▶ [TASK STATEMENT]
One exact copy of the listing, minus the images, is the required answer.

▶ [DATA BELOW]
◇ ◇ ◇ ◇
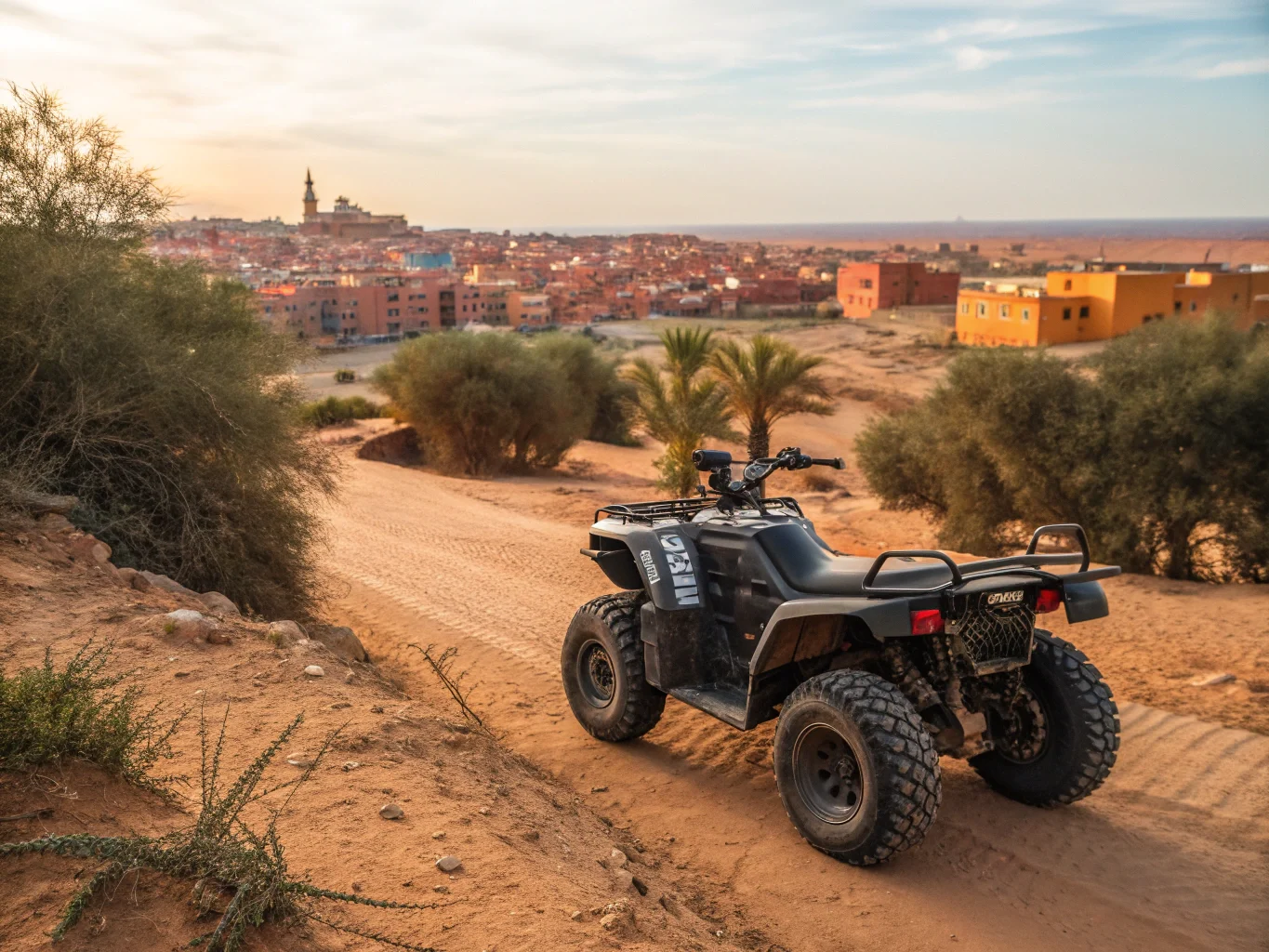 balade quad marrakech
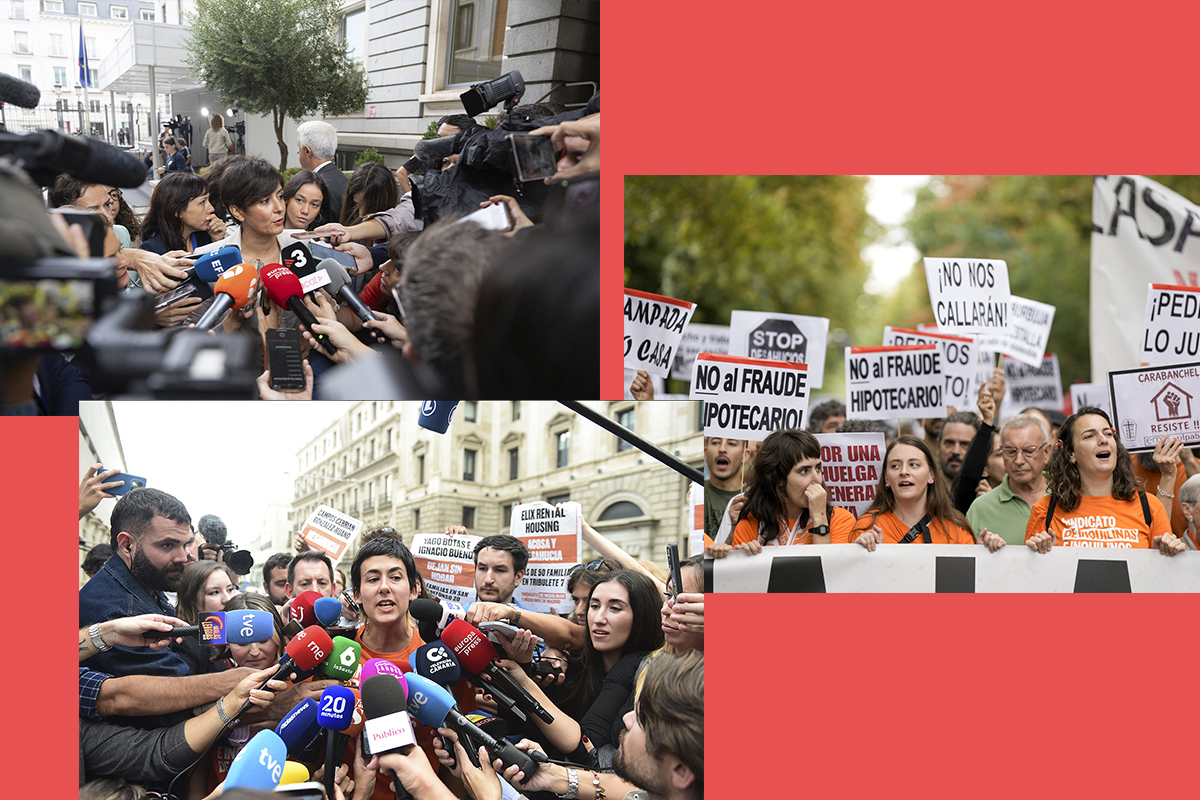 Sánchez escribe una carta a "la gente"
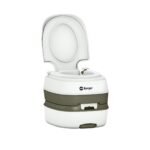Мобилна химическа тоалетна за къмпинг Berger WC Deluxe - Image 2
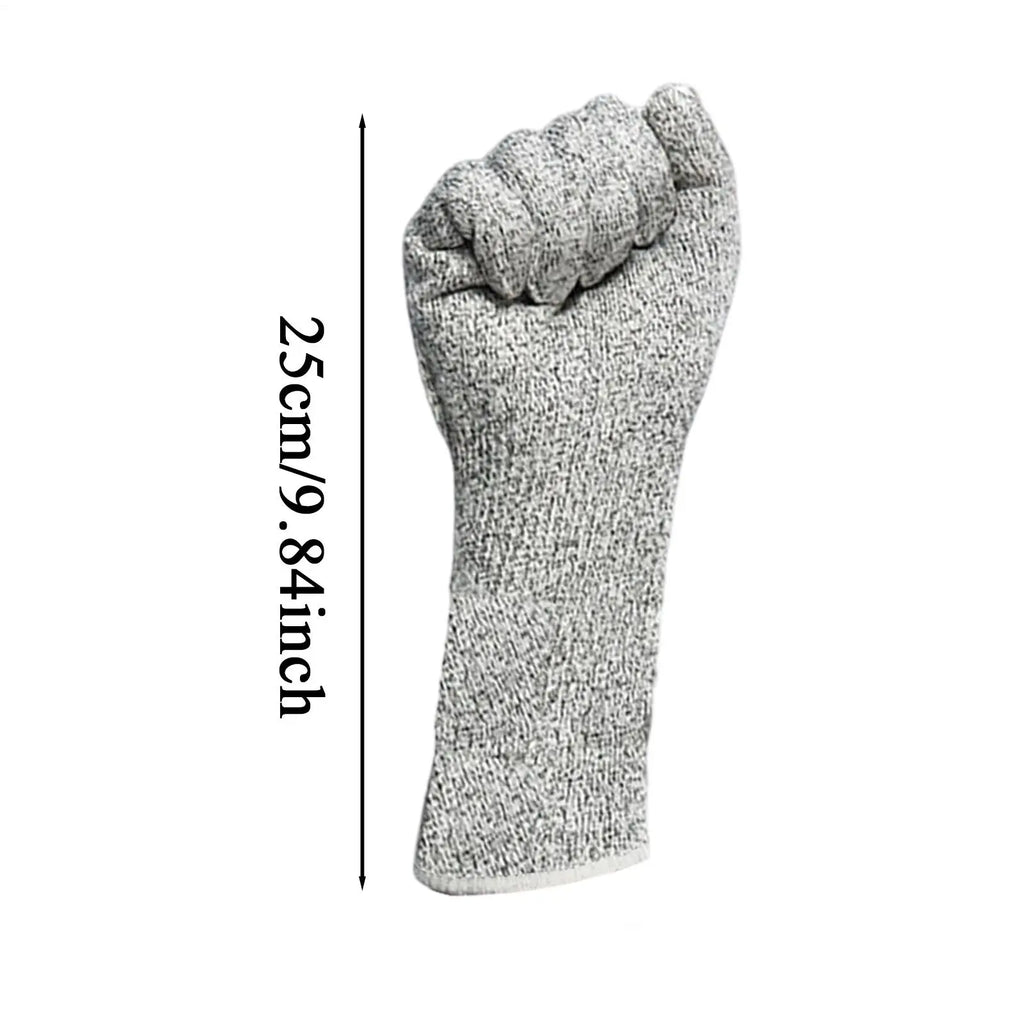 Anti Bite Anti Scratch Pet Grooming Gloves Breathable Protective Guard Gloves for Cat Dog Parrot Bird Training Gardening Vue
◇ ◇ ◇ ◇
▶ [OUTPUT BELOW]
 balade quad marrakech
 Sánchez escribe una carta a "la gente"
Мобилна химическа тоалетна за къмпинг Berger WC Deluxe - Image 2
 Anti Bite Anti Scratch Pet Grooming Gloves Breathable Protective Guard Gloves for Cat Dog Parrot Bird Training Gardening Vue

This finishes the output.